Comment vis-tu ta nomination à la présidence de la Design Parade ?
— J’ai un petit syndrome de l’imposteur mais je suis très heureuse de soutenir la jeune création. J’apprends grâce à eux ; tous les dossiers que j’ai vus donnent un éclairage sur l’architecture de demain. Et je crois beaucoup aux rencontres, c’est une chance tant pour nous que pour ces jeunes. Professionnellement et humainement c’est très important. Ma consigne de sélection était de privilégier la créativité. On a sélectionné ceux qui ont un discours architectural, qui s’emparent du volume et de l’espace, tout en faisant preuve d’imagination et de curiosité ; ceux qui se posent des questions. J’aborde la Design Parade avec beaucoup de joie. C’est le seul festival en architecture d’intérieur qui donne une place à la jeune création avec autant d’éclectisme. C’est simple et spontané à la villa.
Quel est le programme de ton projet ?
C’est un projet domestique autour d’une résidence balnéaire idéale. J’y explore l’idée du logement collectif dans un immeuble avec vue mer. Je veux proposer un autre point de vue sur la Méditerranée, avec un focus sur ces constructions d’après-guerre qui incarnent une sorte de French Dream lié aux vacances, aux congés payés et à un bien-être un peu opulent inspiré des années 1970, de la Riviera, etc. C’est aussi une réminiscence du quartier dans lequel j’ai grandi à Marseille, façonné par des constructions d’après-guerre dites « de standing », avec leurs portes en métal à poignée en laiton et hall de marbre. C’est un peu la rencontre entre ma mythologie personnelle et une mythologie universelle autour d’une certaine idée de l’habitat collectif des villes côtières.
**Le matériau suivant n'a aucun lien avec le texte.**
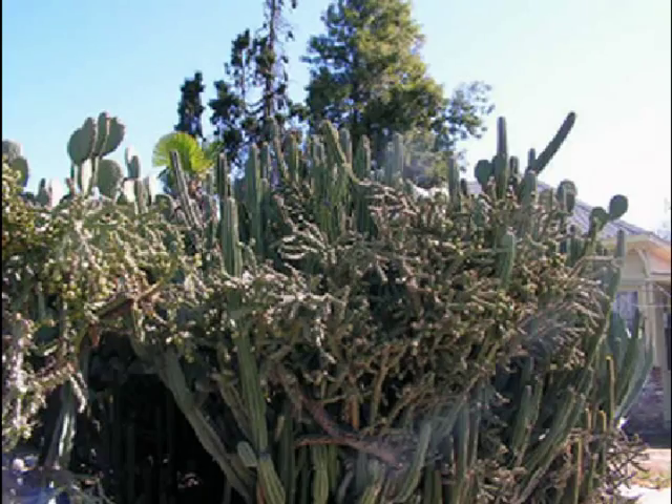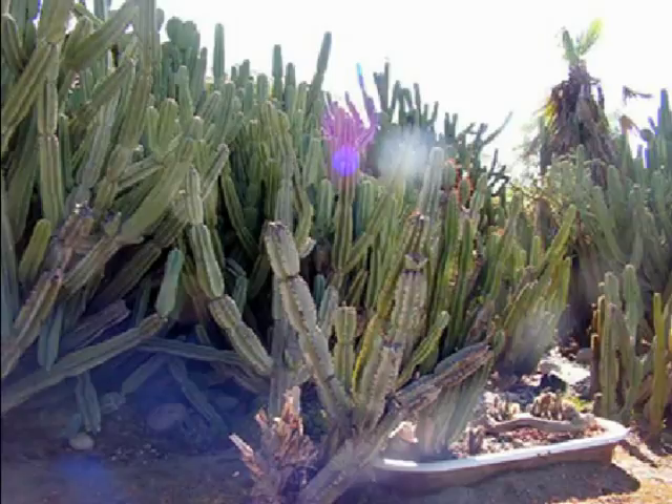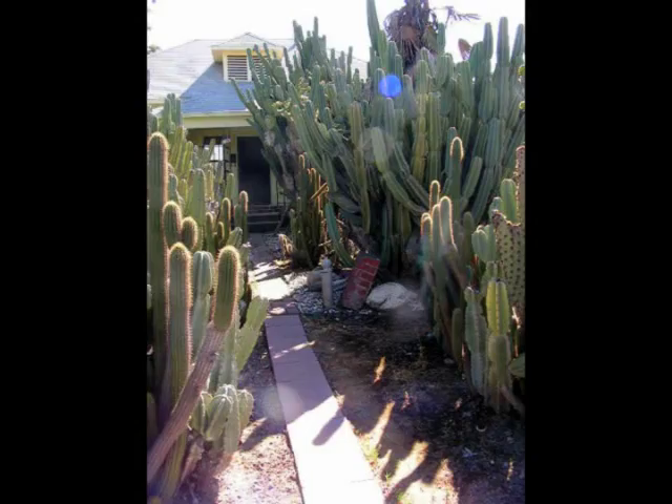I had to show you something really crazy I saw. Check out this house — this is in Visalia, California on Center Street, and the cactus is so thick and so big you can barely see the house. Here's another view, and this is how you get into the house. I would not want to be a burglar here. It is so huge — it's like a fortress.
C’est un appartement expérimental. Il y a beaucoup d’objets évocateurs plutôt que concrets, comme la vue mer par exemple. Ce sont des silhouettes, comme la salle de bain ou les balustres en savon. C’est une image de ce qu’est un appartement de vacances, avec des esquisses et des essais sur ce que peut être une cuisine un peu technique ou une plateforme salon avec une vue. Je prends la parole sur un sujet sur lequel je ne pourrais pas travailler dans un autre contexte. Je montre des choses qui me tiennent à cœur, et pour une fois je ne suis pas obligée d’être fonctionnelle. Ce rideau avec vue mer je ne l’aurais pas fait ailleurs, c’est un décor, un trompe-l’œil adapté à l’exercice. Pourtant je suis capable d’expérimenter d’après des idées et des aménagements qui pourront trouver leur application dans de futurs projets.
Cet exercice me permet d’envisager beaucoup de choses comme faire sortir le visiteur par un dressing ou sonner chez quelqu’un qui n’existe plus. Beaucoup de détails apportent un équilibre entre les choses brutes, expérimentales ou locales et les réalisations sophistiquées obtenues avec des artisans. Je prends le lieu avec ses contraintes et j’en fais une force.